**What is expected:** Skipping the images, transcribe each record below as it is.

===== Data section

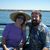 Karen Lauer's profile image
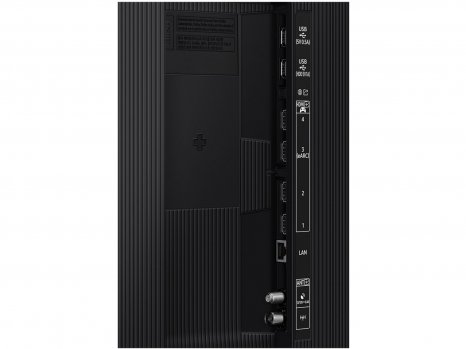 Фото товара Samsung QE85QN70F  4K Ultra HD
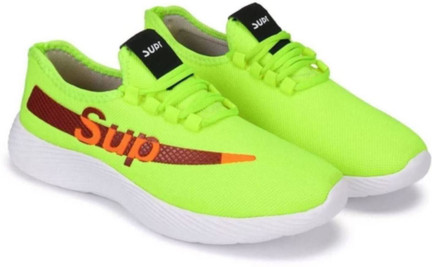 nike vapormax flipkart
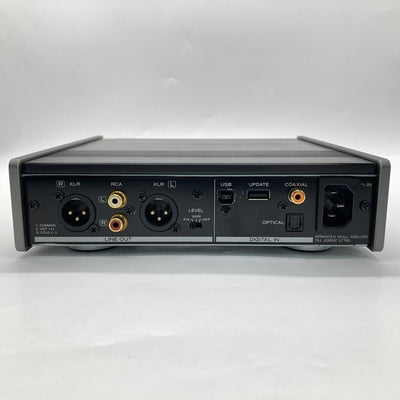 【中古】UD-301-B【秋葉原】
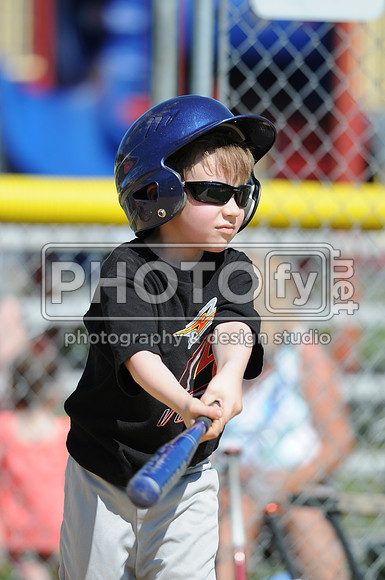 BTLL_6-1-13_1312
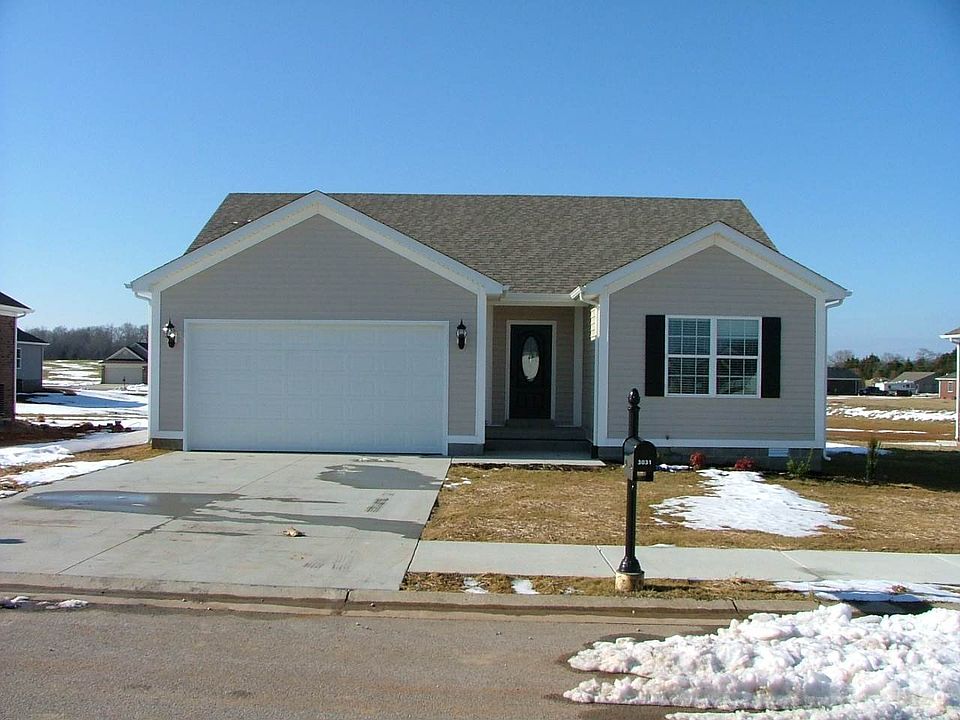 1st image of 3031 Wyatt Dr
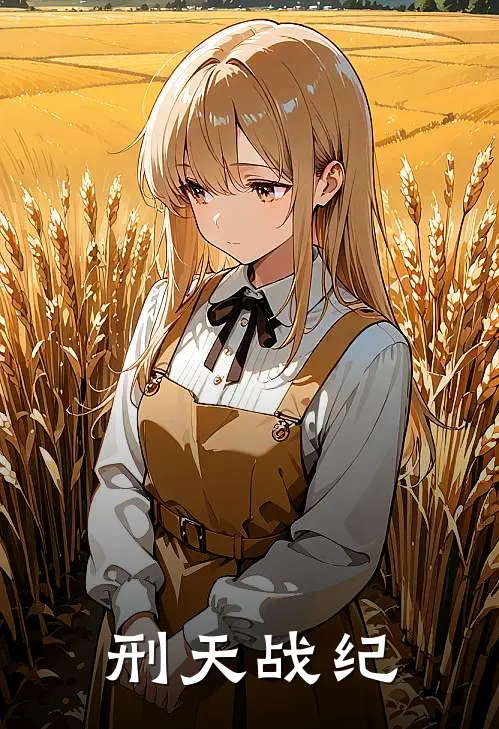 刑天战纪韩重进朱天照免费小说免费阅读_推荐完结小说刑天战纪(韩重进朱天照)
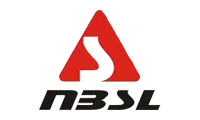 Sản phẩm nbsl — Thang Máy VIETLIFT - Công Ty TNHH Thiết Bị Tự Động Và Điều Khiển Thang Việt — MST 0303319476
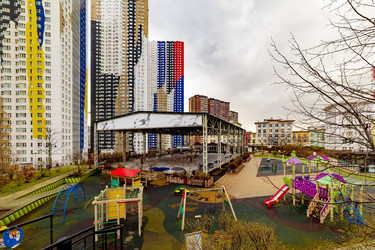 Similar image 22295095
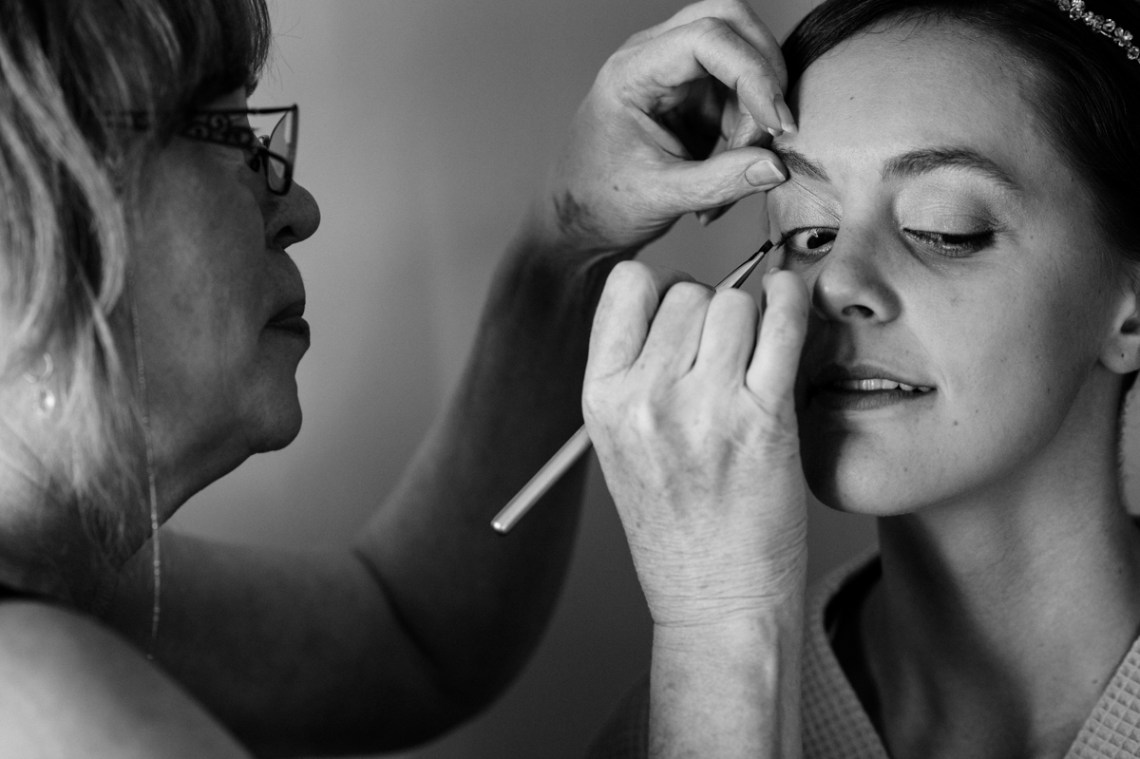 Dalke Studios Copyright 2016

==========

**Output for this task:**
 Karen Lauer's profile image
 Фото товара Samsung QE85QN70F  4K Ultra HD
 nike vapormax flipkart
 【中古】UD-301-B【秋葉原】
 BTLL_6-1-13_1312
 1st image of 3031 Wyatt Dr
 刑天战纪韩重进朱天照免费小说免费阅读_推荐完结小说刑天战纪(韩重进朱天照)
 Sản phẩm nbsl — Thang Máy VIETLIFT - Công Ty TNHH Thiết Bị Tự Động Và Điều Khiển Thang Việt — MST 0303319476
 Similar image 22295095
 Dalke Studios Copyright 2016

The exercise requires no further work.